Originally Posted by *KrystalC* 
I'm a full-time student and if I don't return to school when classes start on the 16th, I'll lose my financial aid. We rely on it to pay our bills because my husband just doesn't make enough to keep everything afloat. My job is also dependent on financial aid as it's a work-study position and half of my pay comes from financial aid and half comes from my employer on campus.









I would really talk to your professors about this. I don't see why you couldn't arrange to spend the first couple of weeks at home and get permission to do other projects/alternate assignments so that you are still officially "enrolled" for Spring semester. My dh is a professor and he's always been extremely accomodating to students with specific issues, as long as they come and talk to him about it. Good luck!


----------



## Herausgeber (Apr 29, 2006)

Quote:


Originally Posted by *stacyann21* 
Personally, I would never try any induction methods until after 40 weeks. Anyways, I know someone who was one week overdue and had a prenatal massage. She started feeling crampy during the massage and when she went home labor started. I got a certificate for a massage for my Birthday and have been saving it just for this purpose.

I'm 39-plus weeks and was starting to worry about why the baby wasn't dropping yet (it's my first.) I got an hour-long prenatal massage yesterday, and discovered that the kiddo had dipped into my pelvis today. I don't think of it so much as an induction method as getting my pelvis to loosen up and relax.


----------



## KrystalC (Aug 1, 2006)

Quote:


Originally Posted by *meggles* 







I would really talk to your professors about this.
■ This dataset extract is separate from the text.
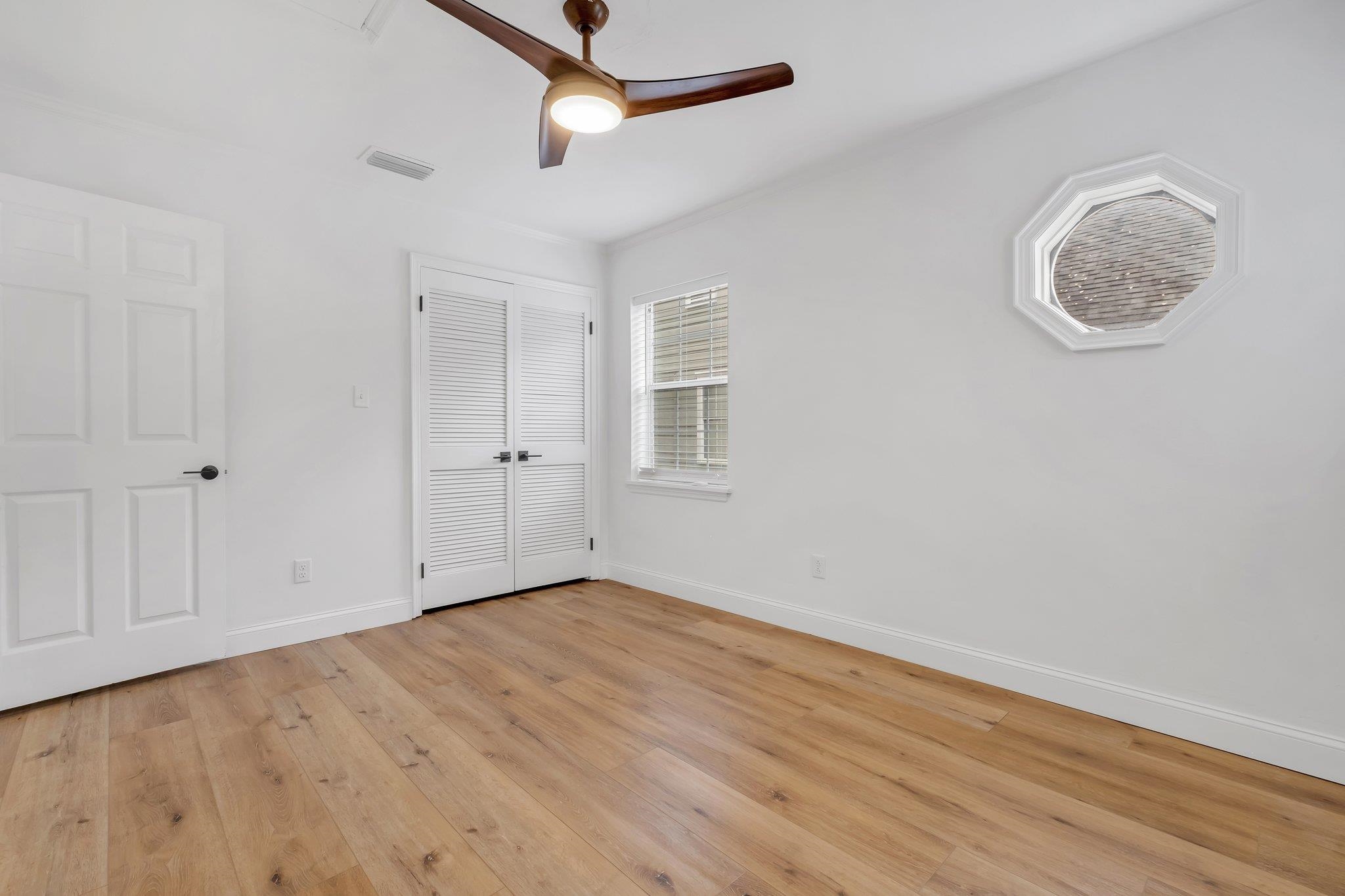 2704 Nantucket Lane, Tallahassee, Florida image 24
I don't see why you couldn't arrange to spend the first couple of weeks at home and get permission to do other projects/alternate assignments so that you are still officially "enrolled" for Spring semester. My dh is a professor and he's always been extremely accomodating to students with specific issues, as long as they come and talk to him about it. Good luck!

There are just so many factors at play here... I'm afraid of getting behind in my classes and being unable to catch up if I'm not in class for the first couple of weeks. AND we have a huge project coming up at work and they really need me to be there when classes start. I can't afford to lose my job as it's highly unlikely I'll be able to find another student job that pays me this much! It's incredibly frustrating on both accounts! We'll deal with whatever happens.... no choice at this point, right?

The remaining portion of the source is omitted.